Given material
====

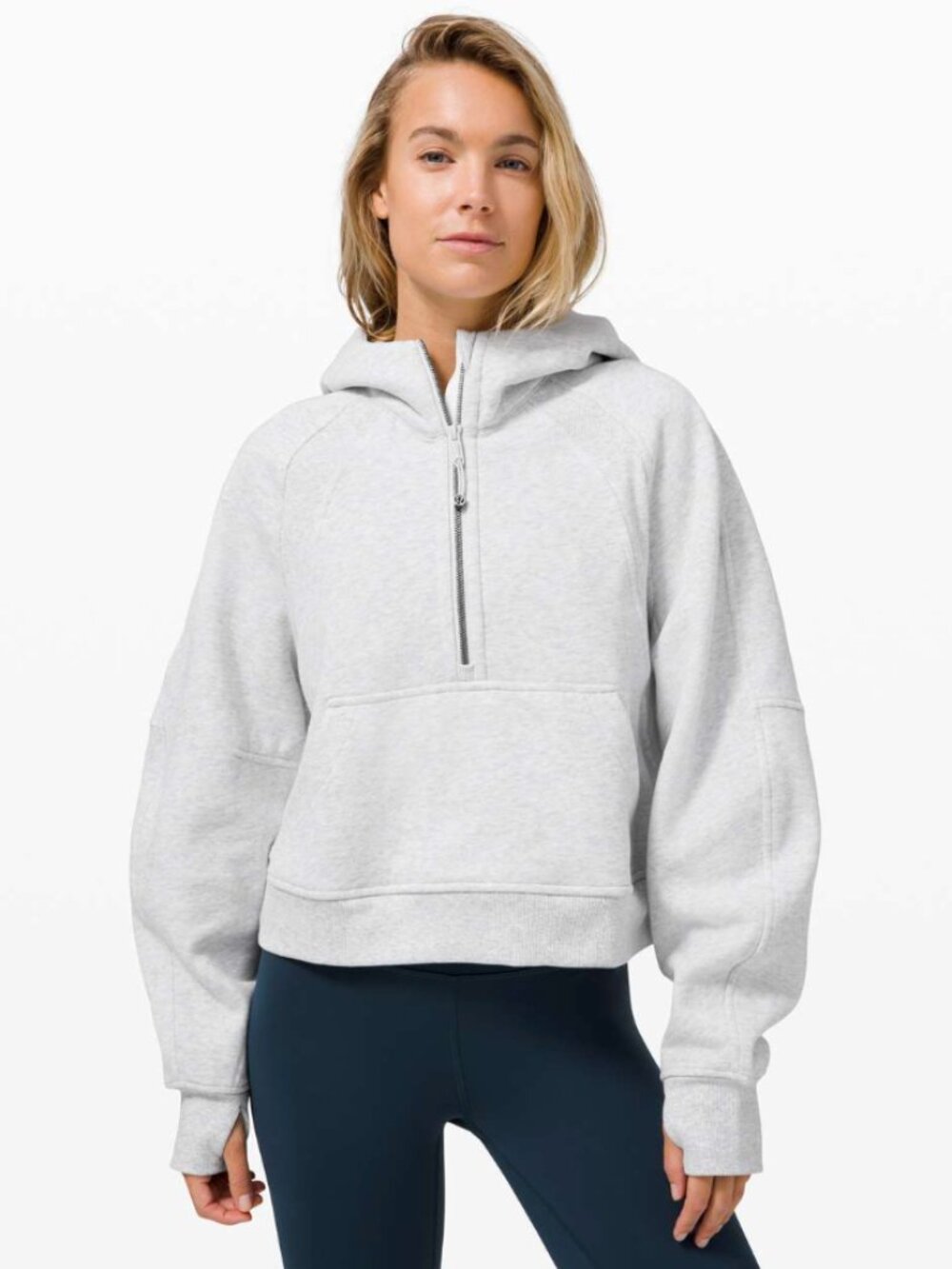 Lululemon Scuba Oversized Half Zip Hoodie XS/S  Heathered Grey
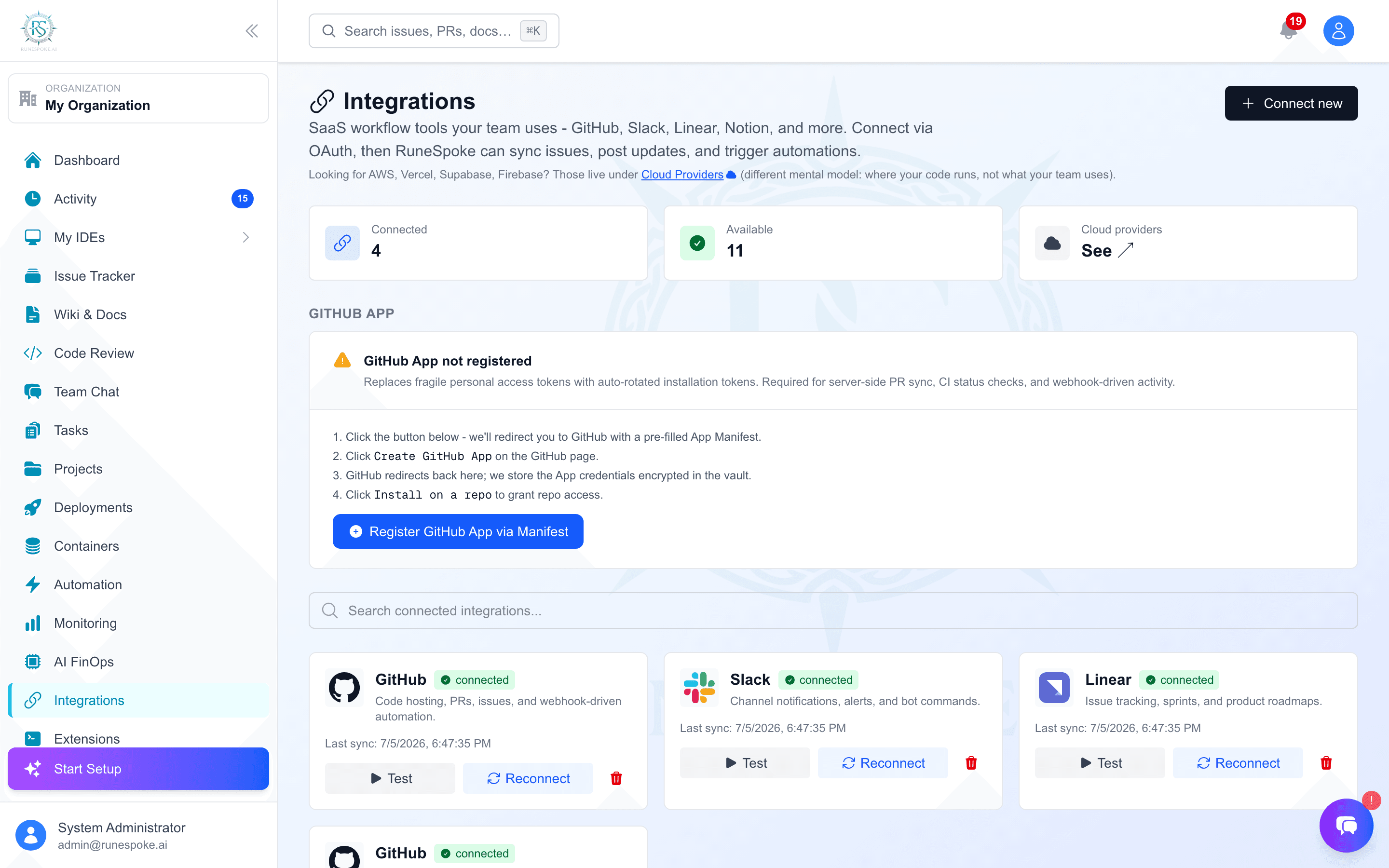 Connect your tools: one button per provider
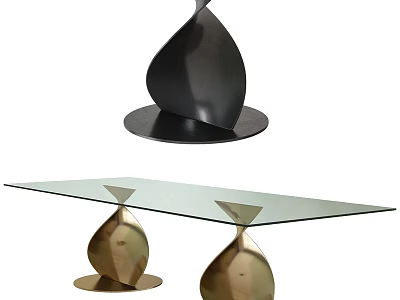 Modern Dining Table With Glass Top And Sculptural Metal Bases Design 3d model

====

Problem statement
The answer should be an exact copy of the material, with its pictures removed.

Reply to the exercise
 Lululemon Scuba Oversized Half Zip Hoodie XS/S  Heathered Grey
 Connect your tools: one button per provider
 Modern Dining Table With Glass Top And Sculptural Metal Bases Design 3d model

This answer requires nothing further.